Joel Solkoff, 63, of State College is in that situation. He is unable to walk because of aggressive cancer treatments at age 28, which destroyed bones in his spine.
Solkoff has beaten the odds most of his life. He has traveled the country and published three books as well as written articles for well-known newspapers.
He also has served as a speech writer for the federal government.
As Solkoff got older, he found it harder to get a job. Through Experience Works, he started working at the Penn State University Architectural Engineering Department. He loved the challenge, and he could scoot to work in his power chair in 10 minutes.
Shortly after his training, Solkoff found a full-time job as an employment specialist at the Blair County Association for the Blind and Visually Handicapped. He worked there for six months before the organization ran out of funds for the position, so he returned to work with Experience Works at Penn State.
For overcoming the odds and finding a job, Solkoff won an award from the Experience Works Champions program this summer. He enjoys his work at Penn State and hopes to find a job in the department.
Being productive is a goal of many seniors.
Feeling useful is important regardless of your age, Podrasky said. Some seniors find a new passion after returning to work.
Larry Dorazio, 61, of Altoona has found a new calling through Experience Works. The program led him to Valley View Nursing Home where he assists the residents.
Dorazio had worked in the apparel industry for 30 years. Then, he opened a used car lot, but got out of it because of the economy.
So, Dorazio found himself without a job, and didn't have much luck when he submitted job applications.
"I really didn't find anything," he said. "I think it's a little bit of the economy and my age."
About a year ago, Dorazio saw an ad in the Altoona Mirror about Experience Works. Dorazio fit the requirements and started working part time at Valley View.
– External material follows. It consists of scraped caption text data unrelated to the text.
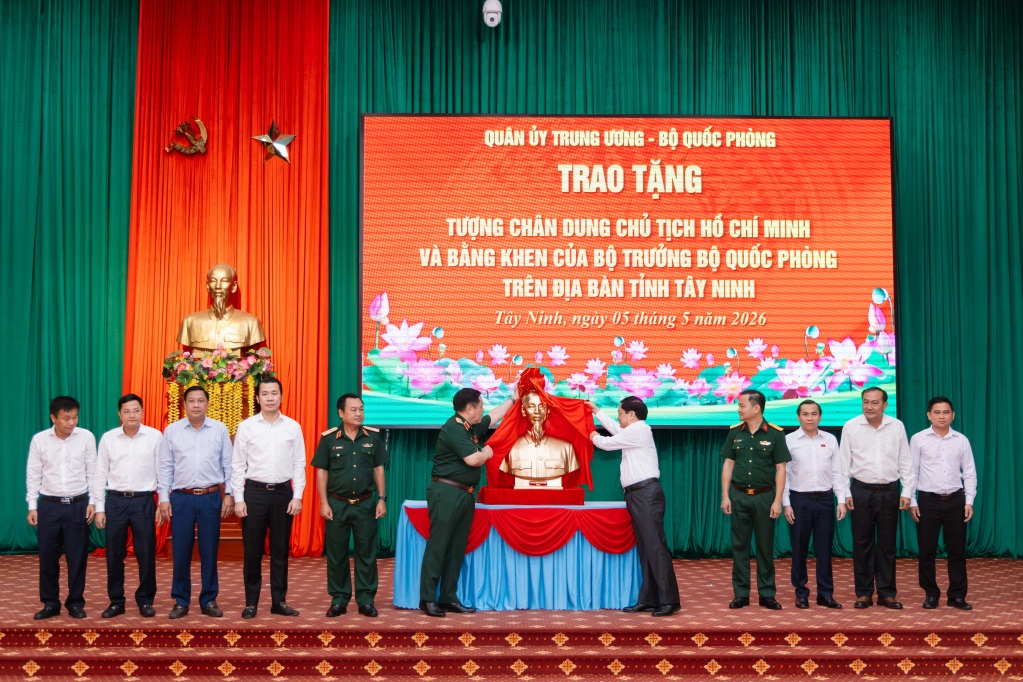 Bộ Quốc phòng tặng 100 tượng Chủ tịch Hồ Chí Minh tại Tây Ninh năm 2026 - Ảnh 4.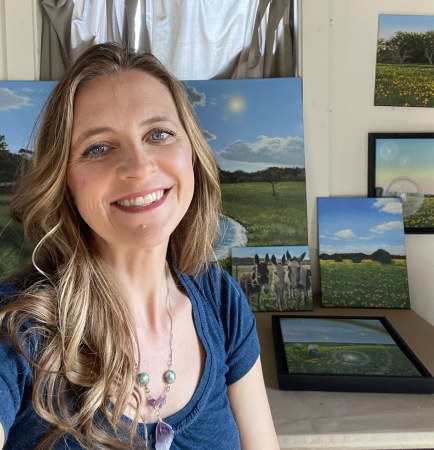 artist Erica Dawn Smith bio photo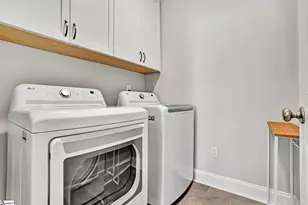 9 Hensley Rd, Greenville, SC 29607 - Photo 15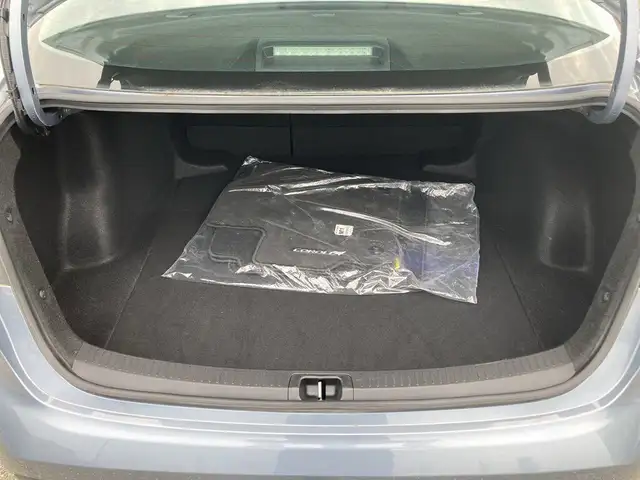 2020 Toyota Corolla LE in Cars & Trucks in New Glasgow - Image 13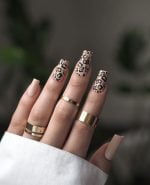 ناخن مصنوعی راسا با مواد کاشت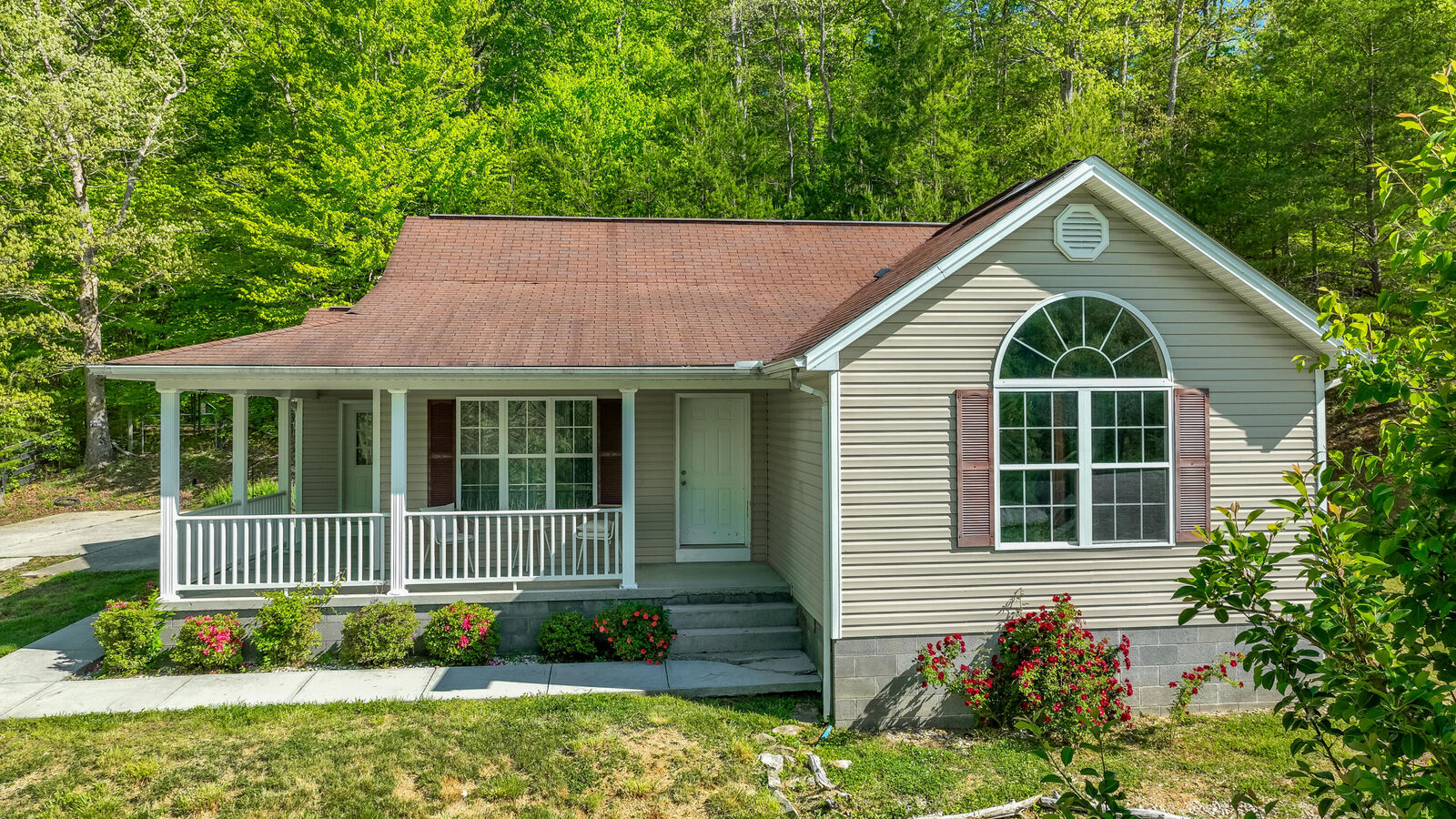 Property Photo:  6111 N Wilderness Road  KY 40456 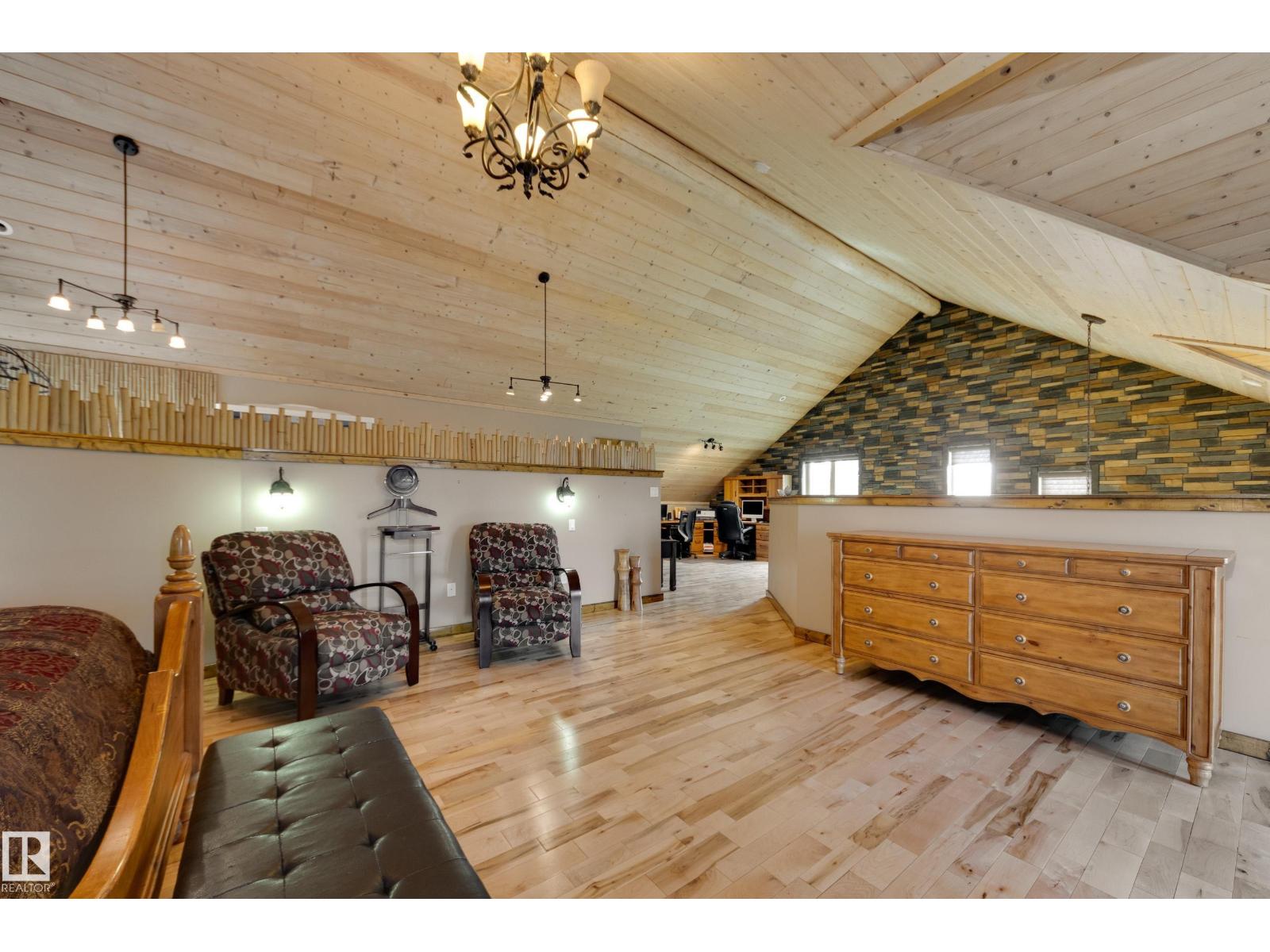 10811 67 St Nw Property Photo 31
Bill Mandicarne, volunteer coordinator at Valley View, said Dorazio and other Experience Works seniors are exceptional workers.
"They're wonderful people to work with. They're just a real asset to our facility," Mandicarne said.
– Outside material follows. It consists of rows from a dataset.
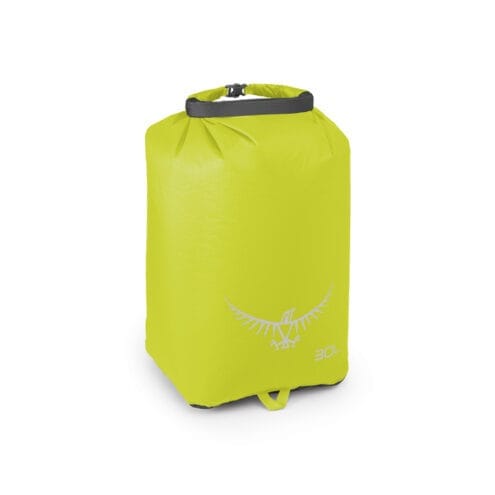 Grön torrsäck från Osprey UL Drysack 30 Liter.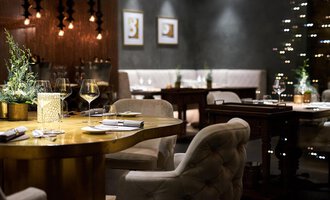 An elegant restaurant with tasteful decor. The table is beautifully set and the atmosphere is cozy and inviting. | © Travel Charme Ifen Hotel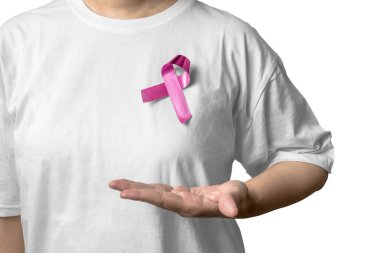 Pembe farkındalık kurdelesi gösteren beyaz gömlekli kadın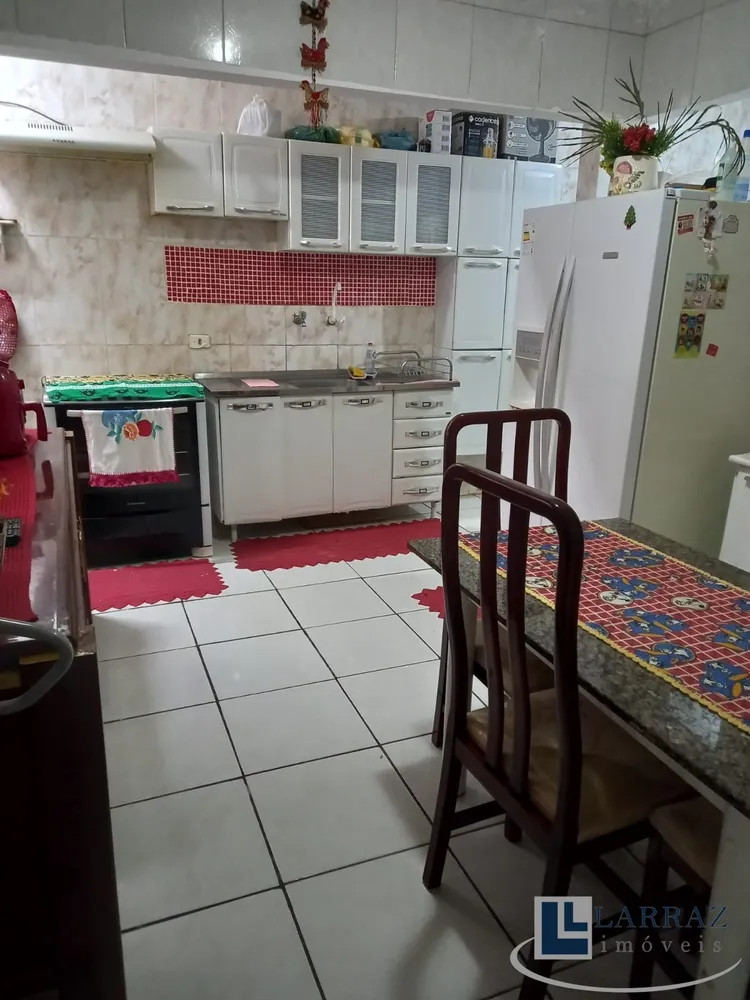 Casa, 3 quartos, 178 m² - Foto 2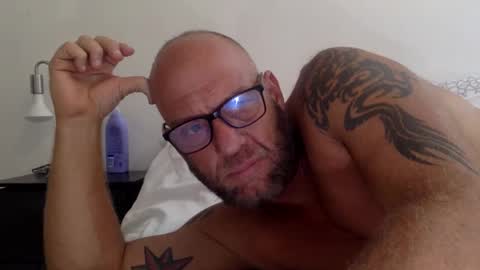 . online show from January 6, 10:12 pm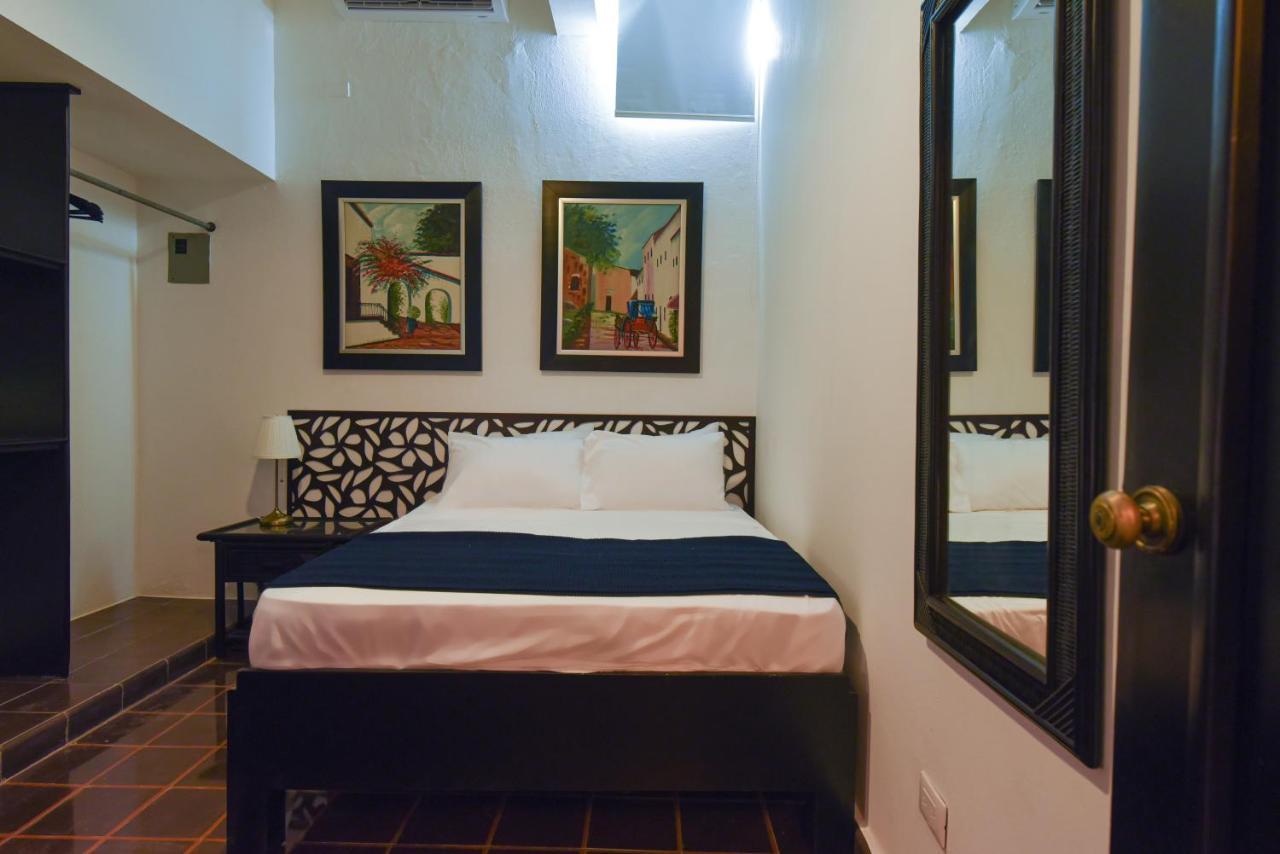 Ph 19 Guesthouse Hotel In Gazcue Santo Domingo Exterior photo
Dorazio and other Experience Works employees help the nursing home residents by taking them to different appointments or activities and socializing with them. They also can be found running the snack shop or working the switchboard.
Mandicarne said companies shouldn't give a second thought to hiring seniors.
"They are excellent. They are honest, reliable. They want to work. They want to excel. There should be no reason why a company should not want to hire an older worker," Mandicarne said.
And while seniors may require training to learn or improve skills, they are willing to learn.
Andrea Young, spokesperson for the VA Medical Hospital in Altoona, also a host agency for the Experience Works program, said the seniors she has encountered are able to adapt well to their jobs.
"They're very committed, very reliable. They commit to a schedule and they're here," Young said. "Some of the concerns people might have is that they don't have the technology skills. But, any time they've needed to develop those skills, they've been able to do that. Our people have done an excellent job of learning."
Seniors participate in the program for a maximum of four years and are given training in resume-building and interview and technology skills.
At some point, they are expected to find full-time work. The success rate is about 40 to 50 percent, as far as placing Experience Works people in full-time jobs every year.
"This image is that older workers are maybe too old to work and not really dependable, but they have so much to offer. They're very devoted to their employers," Smith said. "We hope employers in the region will start utilizing older people because they are a great resource. Just give them a try."